Palestinian historian and academic Walid al-Khalidi dies aged 100

The Jerusalem-born scholar leaves behind a legacy spanning decades of research and writing on the question of Palestine
08 March, 2026
For more than seven decades, Walid Khalidi contributed important scholarship on the question of Palestine [YouTube screengrab]

Palestinian historian Walid Khalidi passed away on Sunday aged 100 in Cambridge, Massachusetts.

Khalidi was one of the most prominent researchers of Palestinian history, documenting Israeli crimes since the Nakba, the ethnic cleansing of hundreds of thousands of Palestinians which accompanied the foundation of Israel in 1948.

Born in Jerusalem in 1925, Khalidi studied at the University of Oxford, earning a Master of Arts in 1951. He began his academic career there before resigning in 1956 to protest the Tripartite Aggression, in which Britain, France, and Israel launched an attack on Egypt under the pretext of securing access to the Suez Canal.

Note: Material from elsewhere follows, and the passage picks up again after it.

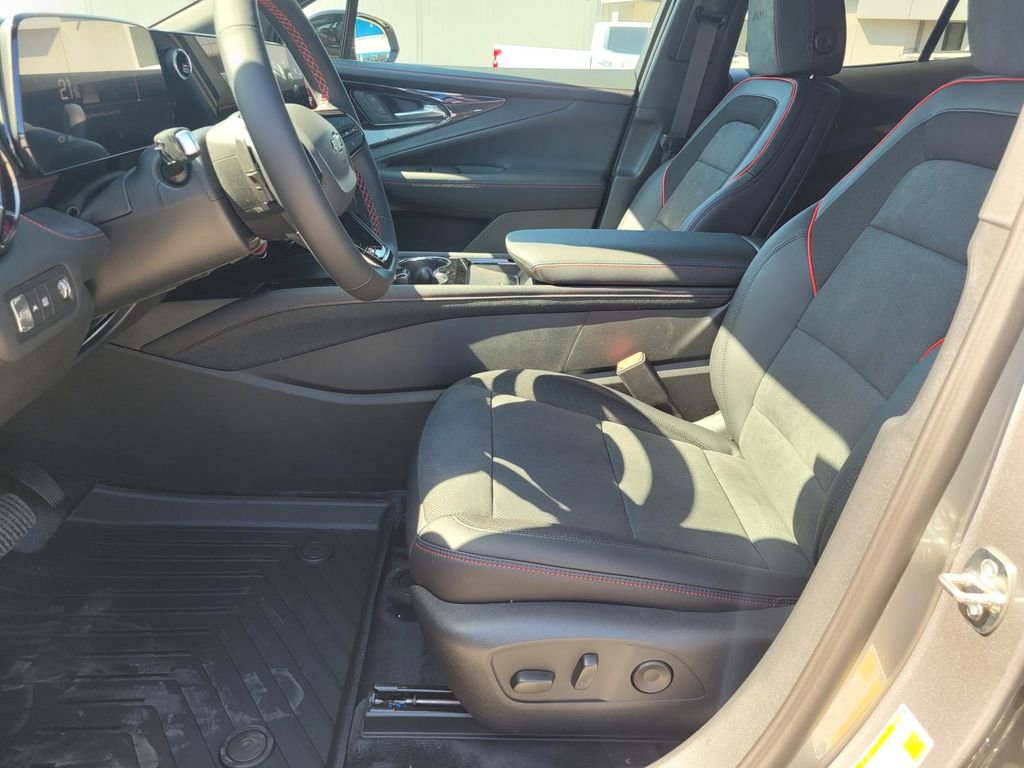 New 2025 Chevrolet Blazer EV RS image 9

He then taught at the American University of Beirut as a professor of political studies until 1982, while also serving as a fellow at Harvard’s Center for International Affairs and lecturing at Princeton University.

He received numerous awards and titles, including an honorary doctorate from the American University of Beirut and election to the American Academy of Arts and Sciences.

In 1963, Khalidi founded the Institute for Palestine Studies (IPS) in Beirut, at a time when the Palestine Question was prominent in Arab politics and Palestinian identity was being revived.

Under his leadership, IPS's library and archives grew into a world-leading collection with over 70,000 books, thousands of manuscripts, and key historical documents.

Khalidi authored or edited major works in Arabic and English, including Before Their Diaspora, documenting pre-1948 Palestinian life, and All That Remains, cataloguing depopulated Palestinian villages.

He also wrote extensively on the Arab-Israeli conflict, European history, and international relations theory.

Beyond scholarship, Khalidi shaped diplomacy: he drafted speeches for Palestinian leaders, including Yasser Arafat’s 1974 UN address, and joined the joint Jordanian-Palestinian delegation at the 1991 Madrid peace conference.

He consistently opposed Palestinian entanglement in intra-Arab conflicts, reportedly warning Yasser Arafat that the PLO had "no business" taking sides in Lebanon’s civil war.

A longtime advocate of the two-state solution, he argued in a 1988 Foreign Affairs article for a Palestinian state on 1967 borders alongside Israel as "the only conceptual candidate for a historical compromise of this century-old conflict".